### What needs to be done
Write out again the lines from the line with "2060 Apollo Drive Chipley, FL 32428" up to and including the line with "Casa à venda com 234m², 1 quarto e sem vaga Casa", exactly as they stand below, and skip any picture.

### Provided records

★ ★ ★ ★ ★ ★ ★

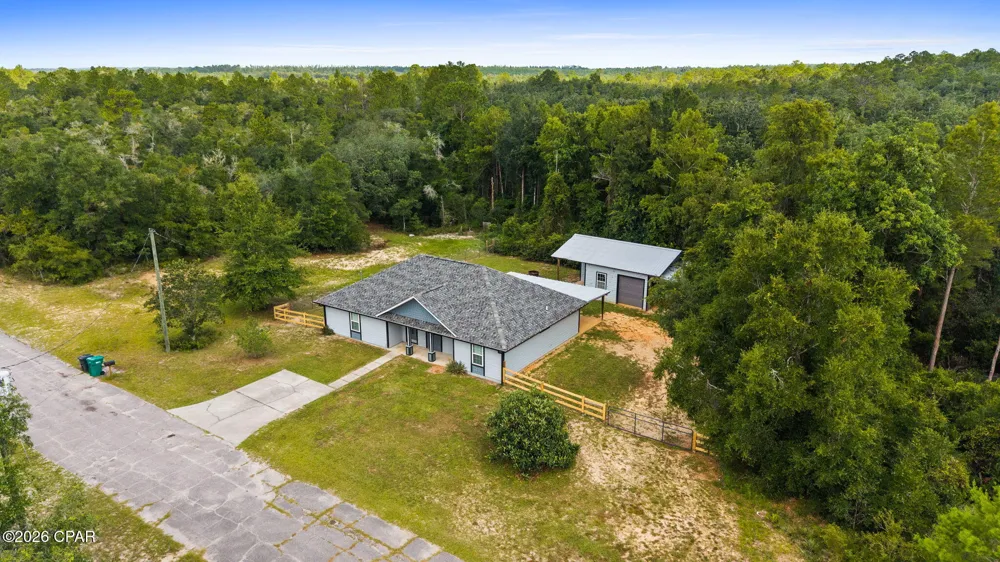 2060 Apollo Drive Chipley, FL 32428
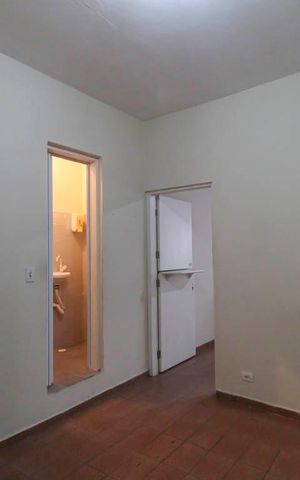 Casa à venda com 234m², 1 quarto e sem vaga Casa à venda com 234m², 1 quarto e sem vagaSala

★ ★ ★ ★ ★ ★ ★

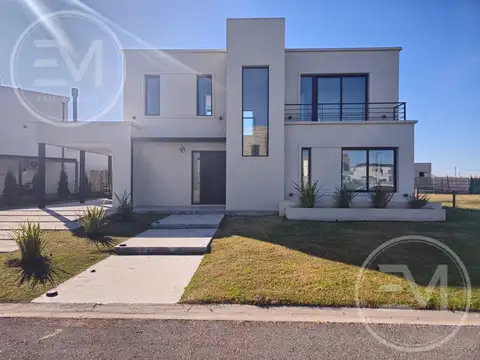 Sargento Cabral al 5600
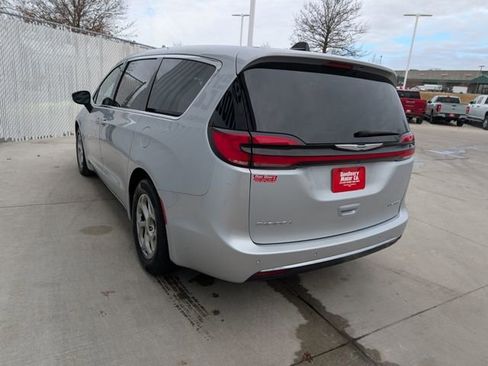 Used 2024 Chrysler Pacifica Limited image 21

★ ★ ★ ★ ★ ★ ★

### Written reply
 2060 Apollo Drive Chipley, FL 32428
 Casa à venda com 234m², 1 quarto e sem vaga Casa à venda com 234m², 1 quarto e sem vagaSala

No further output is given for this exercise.